### What you have to do
Set down exactly the lines running from the one with "On CloudStratus 3 Black Frost" to the last line of the listing below, both included, and skip every picture.

### Information supplied
^^^^^^^^

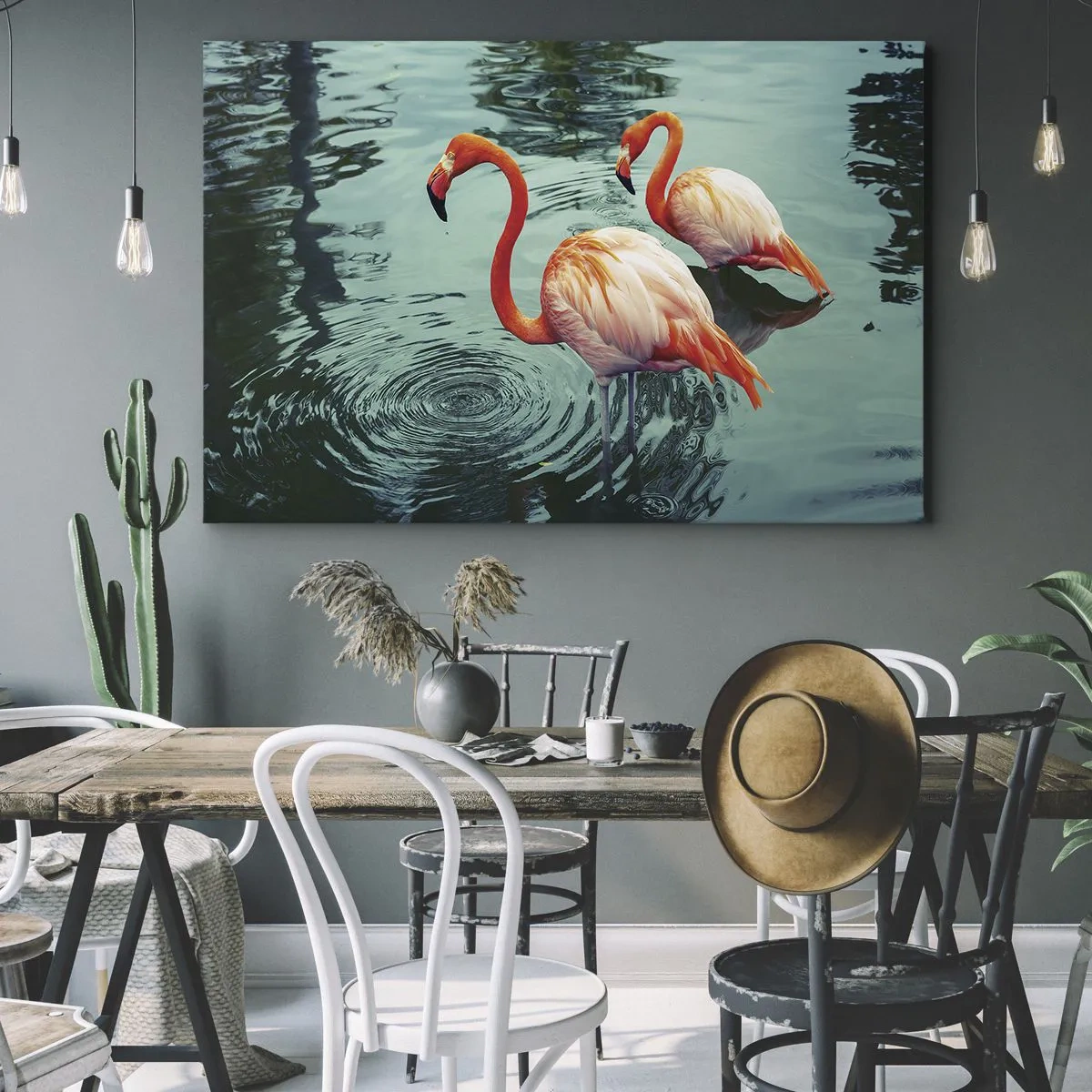 Schilderen op canvas - Twee flamingo's in het kalme water weerspiegelen hun omgeving - 70x50cm - We zijn nu in de mode - Moderne wanddecoratie voor woonkamer en slaapkamer ARTTOR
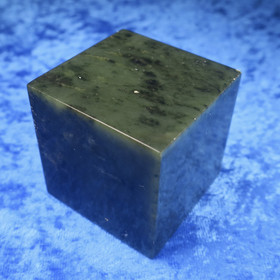 Nefriitti kuutio paperipaino  jj68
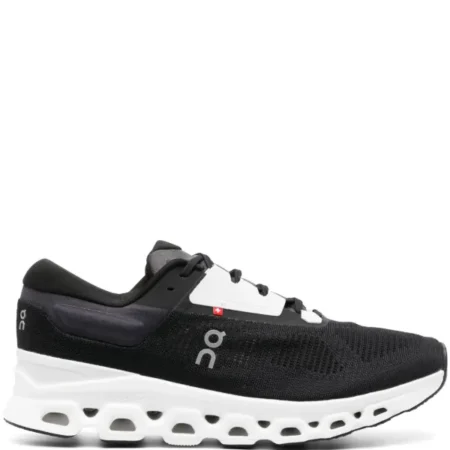 On CloudStratus 3 Black Frost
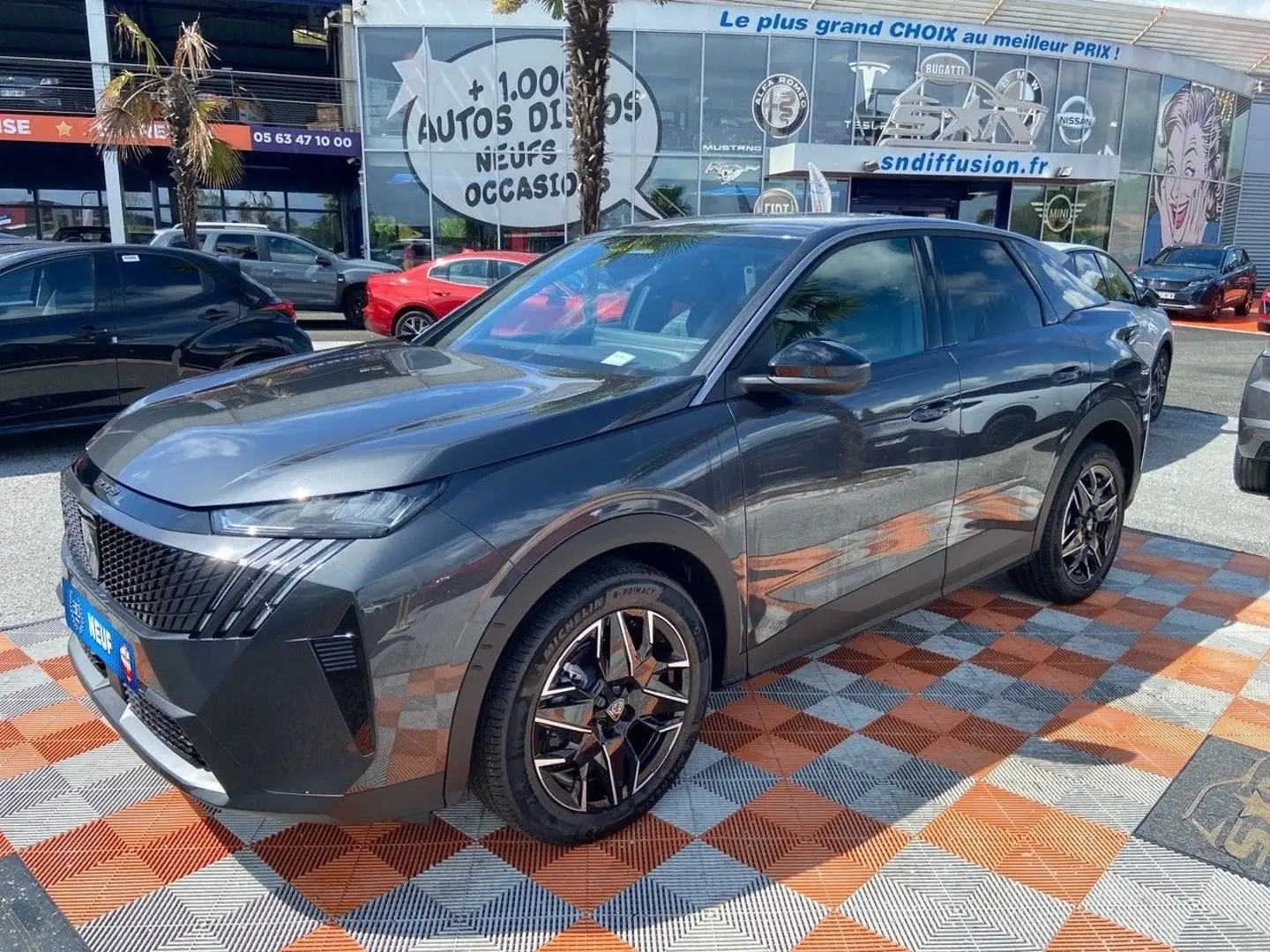 Peugeot 3008 Hybrid 145 e-DCS6 ALLURE Gris - 1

^^^^^^^^

### Result for this exercise
 On CloudStratus 3 Black Frost
 Peugeot 3008 Hybrid 145 e-DCS6 ALLURE Gris - 1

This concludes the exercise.